Besoin d'argent? Allez faire un tour en Chine où le crédit coule à flot. Les banques chinoises distribuent des centaines de milliards aux entreprises et aux consommateurs, mais ces prêts à tout va suscitent des inquiétudes.

Il y a quelques jours, un économiste chinois a confié aux médias avoir été surpris par les propos d'un gouverneur provincial, qui vantait les progrès accomplis dans sa région.

Ni l'environnement, ni la création d'emplois ou même les progrès sociaux ne figuraient dans le discours élogieux du politicien. Notre homme notait plutôt que les prêts consentis par les banques d'État de sa province supplantaient largement la moyenne nationale, pourtant déjà en forte hausse.

Son message, dirigé surtout à ses patrons à Pékin, peut se résumer ainsi: le crédit coule à flot, donc tout va bien, Madame la marquise.

Dans notre coin du monde, on parle beaucoup de l'envolée de la Bourse chinoise qui a bondi de 71% depuis le début de l'année, atteignant un niveau insoutenable, selon des analystes.

Mais une autre bulle, possiblement plus lourde de conséquences pour l'économie chinoise, est en train de prendre forme: une flambée du crédit bancaire.

Le spectre des créances douteuses

Les banques chinoises ont octroyé environ 7000 milliards de yuans (ou près de 1200 milliards CAN) de prêts au premier semestre 2009. C'est environ trois fois la somme du crédit accordé pendant tout 2008 et presque deux fois le budget du plan de relance annoncé par Pékin en novembre (700 milliards CAN), l'un des plus ambitieux de la planète.

Après les dégâts causés par la crise financière - fort recul de l'exportation, fermetures d'usines, etc. -, le gouvernement chinois a appelé ses banques publiques à ouvrir les vannes du crédit.

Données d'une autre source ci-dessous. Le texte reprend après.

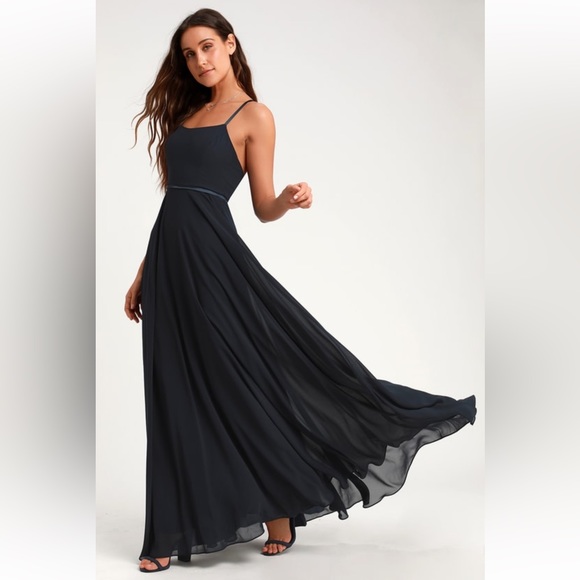 Lulus Dresses & Skirts - Lulu's Navy Blue Maxi Dress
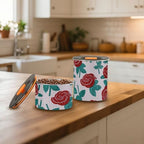 Fake Glitter Cartoon Rose Flower Pink Designed Dry Food Storage Containers Stainless Steel Storage Containers For Pantry 1 Button Opening Coffee Canister - Image 7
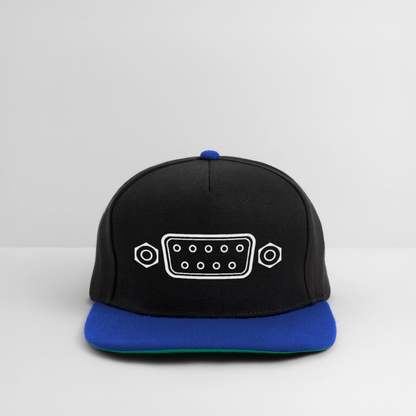DB-9 RS-232 Retro Snapback Cap - Schwarz/Königsblau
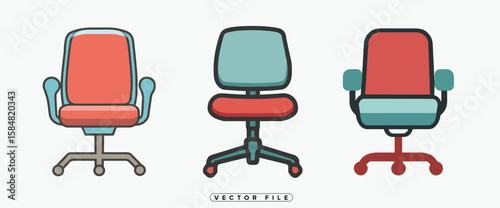 Office Chair Illustration with Red Seat and Blue Backrest Vector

Objectifs: d'une part, financer les entreprises pour la réalisation des grands travaux d'infrastructures et, d'autre part, stimuler la consommation, surtout de produits locaux.

Une telle poussée, à première vue encourageante, ravive cependant le spectre des dettes de mauvaise qualité, qui avaient plombé les banques chinoises il y a quelques années. Pour l'instant, le taux de créances douteuses est de 2%, niveau relativement correct. «Mais attention, l'heure n'est pas encore aux remboursements», faisait remarquer récemment un responsable chargé de la réglementation des banques chinoises.

En effet, des experts redoutent beaucoup une hausse des défauts de paiement. D'autant plus que, sous la pression de Pékin, les banques chinoises se montrent moins exigeantes sur la solvabilité des emprunteurs.

«Créer une bulle pour soutenir l'économie apporte, au mieux, quelques bénéfices à court terme, mais surtout beaucoup de souffrance à long terme», prévient dans une note l'ancien économiste en chef de la banque Morgan Stanley, Andy Xie. Et si quelqu'un s'y connaît dans le domaine, ce sont bien les Américains...

Immobilier et Bourse

Le surplus de crédit, en plus de menacer la santé des banques, engendre divers problèmes sur le terrain. Cet argent mis à disposition nourrit notamment la spéculation.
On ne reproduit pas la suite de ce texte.